While Dr. Sax does not claim to be a Christian, he shares many things that could easily have their roots in the Bible. For example, in discussing problems with discipline he writes, “Thirty years ago, if a boy cursed his parents and spit at his teacher, the neighbors might say that the boy was a disobedient brat who needed a good spanking. Today, the same behavior from a similar boy might well prompt a trip to the pediatrician or the child psychiatrist. And the doctor is likely to ‘diagnose’ the boy with Conduct Disorder (DSM-IV 312.82) or Oppositional-Defiant Disorder (DSM-IV 313.81). The main criterion for both these ‘disorders’ is disobedient and disrespectful behavior that persists despite parental efforts.’ Is there really much of a difference between a neighbor saying ‘That boy is a disobedient brat,’ and a doctor saying ‘That boy has oppositional-defiant disorder’? I think there is. If another parent whom you trust and respect suggests that your son is a disobedient brat who needs stricter discipline, you just might consider adopting a tougher parenting.” In a similar vein, he writes about problems inherent in making behavioral issues into medical issues. “You can see how the assignment of responsibility differs in these two cases. If your son is a disobedient brat, then your son and you (his parents) have to take responsibility. You have to own up to the problem. You will probably have to make some changes. But if your son has a psychiatric diagnosis, that means he has a chemical imbalance in his brain. He-and you-are no more to blame for that imbalance than if your son were diagnosed with childhood leukemia, right? Psychiatrist Jennifer Harris recently pointed out that today, ‘many clinicians find it easier to tell parents their child has a brain-based disorder than to suggest parenting changes.’”

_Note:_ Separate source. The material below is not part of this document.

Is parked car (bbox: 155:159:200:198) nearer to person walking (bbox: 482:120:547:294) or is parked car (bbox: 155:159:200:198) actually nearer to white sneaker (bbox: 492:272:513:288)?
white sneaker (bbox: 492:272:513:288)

While Christian readers may find it a bit difficult to read about Dr. Sax’s comparisons between humans and their “primate cousins,” this is one of the book’s few missteps. It is well-researched and thoroughly convincing. Though some of the five concerns Sax lays out may be more important or urgent than others, and while there are many boys for whom only a few of the five will apply, I believe any parent will benefit from reading this book. The lessons he shares are applicable to children who are in public or Christian schools as much as to children who are homeschooled. Dr. Mohler calls Boys Adrift “essential reading” for parents and I am inclined to agree. If you are a parent blessed with boys or if you are a young man yourself, buy this book and read it. You won’t be sorry you did.